Researchers at Washington University School of Medicine in St. Louis have shown that tumours with PTEN mutations are often resistant to radiation therapy. The PTEN gene produces a protein found in almost all tissues in the body. This protein prevents cells to grow and divide too rapidly. Prostate cancer, endometrial cancer, melanoma and some brain tumours have as a similarity these mutations in PTEN.

Tej K. Pandita, Ph.D., a researcher with the Siteman Cancer Center at Washington University School of Medicine and Barnes-Jewish Hospital, and his colleagues want to know how a common genetic mutation makes cancer radiation resistant.

Cells pass through several phases as they grow and divide, each phase having its own checkpoints that assess whether a cell is healthy enough to continue with these two procedures. If the situation is perceived otherwise, signals from checkpoints should predict future steps to be taken, either repairing or death.

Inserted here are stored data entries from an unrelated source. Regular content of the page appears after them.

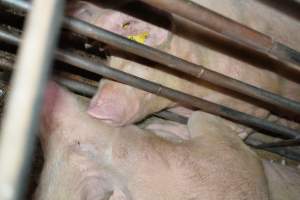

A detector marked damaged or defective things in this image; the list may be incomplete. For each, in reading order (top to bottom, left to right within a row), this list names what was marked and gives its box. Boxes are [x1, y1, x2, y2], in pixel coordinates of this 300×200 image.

rusted metal [0, 0, 63, 198]
rusted metal [1, 0, 300, 119]
rusted metal [2, 27, 300, 141]
rusted metal [140, 0, 300, 66] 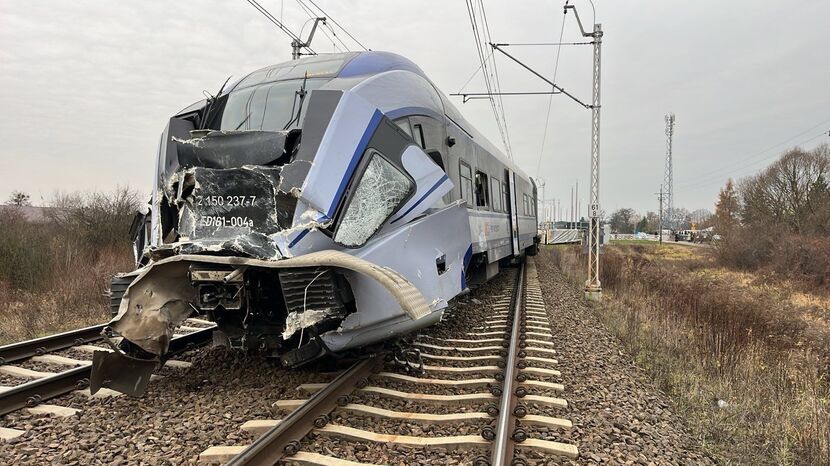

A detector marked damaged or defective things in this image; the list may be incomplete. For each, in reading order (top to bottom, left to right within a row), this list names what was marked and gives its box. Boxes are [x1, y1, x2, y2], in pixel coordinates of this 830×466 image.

torn sheet metal [111, 251, 432, 356]
damaged passenger train [96, 50, 540, 394] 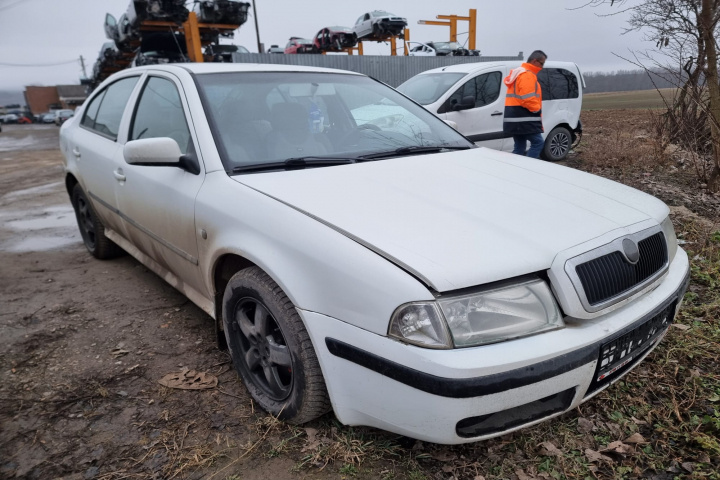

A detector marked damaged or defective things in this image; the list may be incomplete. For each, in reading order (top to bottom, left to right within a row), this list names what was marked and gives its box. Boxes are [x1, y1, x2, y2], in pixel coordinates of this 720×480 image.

damaged white car [62, 63, 692, 446] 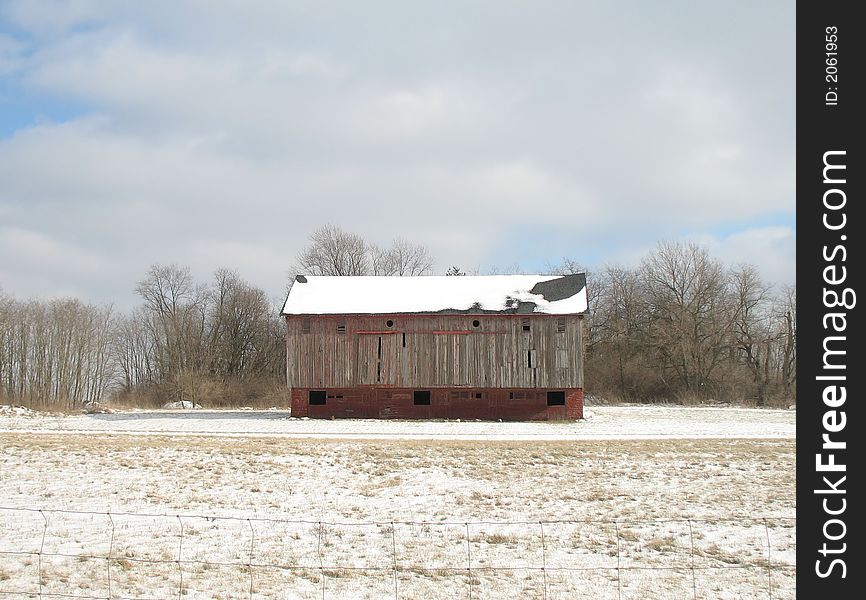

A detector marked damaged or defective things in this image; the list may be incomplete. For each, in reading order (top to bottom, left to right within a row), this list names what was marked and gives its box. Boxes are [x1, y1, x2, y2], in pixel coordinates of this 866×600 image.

damaged roof section [282, 274, 588, 316] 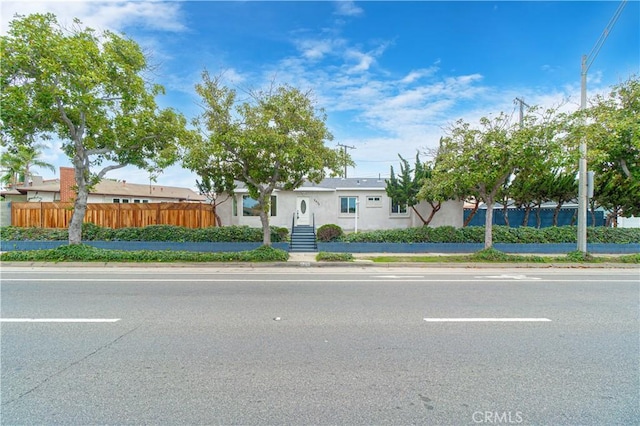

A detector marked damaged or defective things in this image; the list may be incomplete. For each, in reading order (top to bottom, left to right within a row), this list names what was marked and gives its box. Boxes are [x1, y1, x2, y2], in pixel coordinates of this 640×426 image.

pavement crack [1, 322, 143, 406] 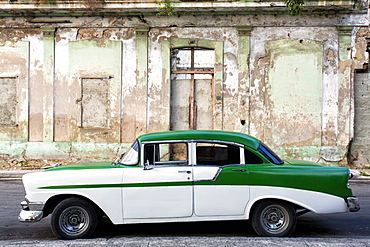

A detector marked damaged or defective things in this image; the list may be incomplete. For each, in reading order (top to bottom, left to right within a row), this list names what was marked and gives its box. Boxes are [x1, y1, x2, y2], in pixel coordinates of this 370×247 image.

peeling paint wall [0, 11, 366, 167] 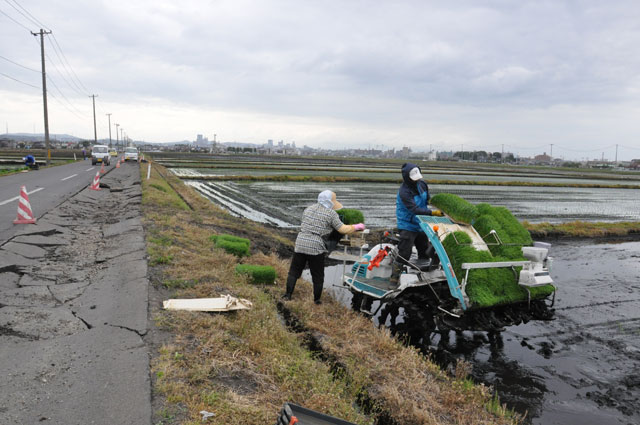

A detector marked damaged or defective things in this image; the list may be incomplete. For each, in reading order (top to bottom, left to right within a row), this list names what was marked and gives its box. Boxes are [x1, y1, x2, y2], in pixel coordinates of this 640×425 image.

Pandita, associate professor of radiation oncology and of genetics, said “The defective checkpoints contribute to radioresistance. When a cell gets damaged by radiation, normally checkpoints will make it stop growing to repair the damage. If the checkpoints are working but the cell has a defective DNA repair system, the cell will be radiosensitive. But if the checkpoints don’t operate, the cell can bypass DNA repair and continue to grow and divide. Then the cells are radioresistant.”

In order for the tumours with PTEN mutations to increase radiation sensitivity, there will be needed further development of drugs that could correct the faulty checkpoints. This is a subject for further studies as the work continues.

This research was supported by Funding from National Institutes of Health.